Mngqithi and his co-head coach Rulani Mokwena became the second pair to win the league in the Premier Soccer League era after Miguel Gamondi and Neil Tovey delivered the then Castle Premiership in the 2005/06 season.
While Gamondi and Tovey where a stop-gap, Mngqithi and his partner have been in the Sundowns set-up for a while as understudies to Pitso Mosimane, who stayed at Downs for about eight years – a culture Mngqithi feels most teams should adopt.
“Teams must learn to be patient with coaches, be it foreign or local. Teams that are chasing coaches are the ones who are counterproductive. They are the ones that end up having problems. Football requires a little bit of the improvement of team dynamics and the development of those team dynamics.
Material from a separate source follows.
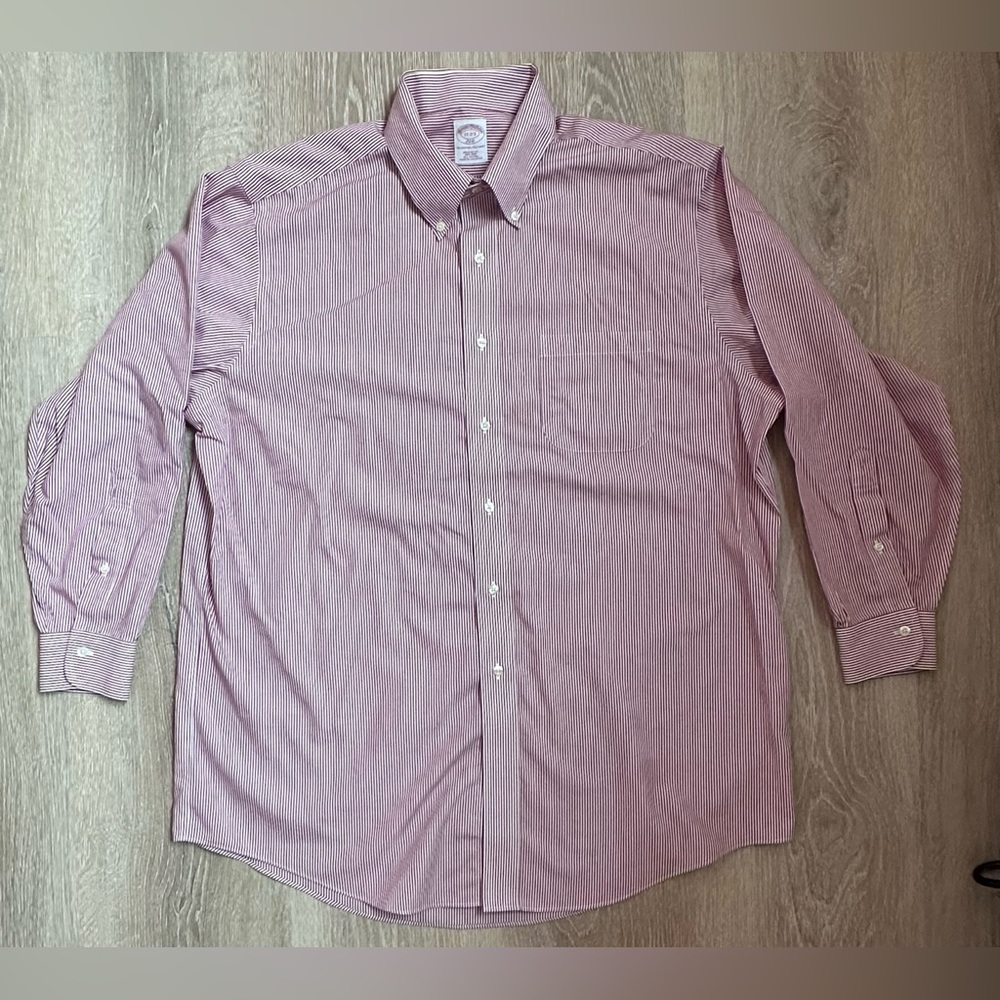 Brooks Brothers 346 Red/White Stripe LS Button Up Sz 17 2/3 Regular Fit‎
“How many times has this league been won by local coaches? Coach Pitso won it five times, Gordon Igesund has won it four times, Gavin has won it four times. How many foreign coaches have won it? It should tell you that our South African coaches have what it takes,” said Mngqithi.
He added: “I am not saying this being xenophobic, I don’t have a problem with foreigners who come here and influence the game. I am a fan of Ernst Middendorp, I like him as a coach. I liked Foppe De Haan, I liked Muhsin Ertugral… I don’t have a problem but the foreigner that comes to our shores must really make us want to learn from them.”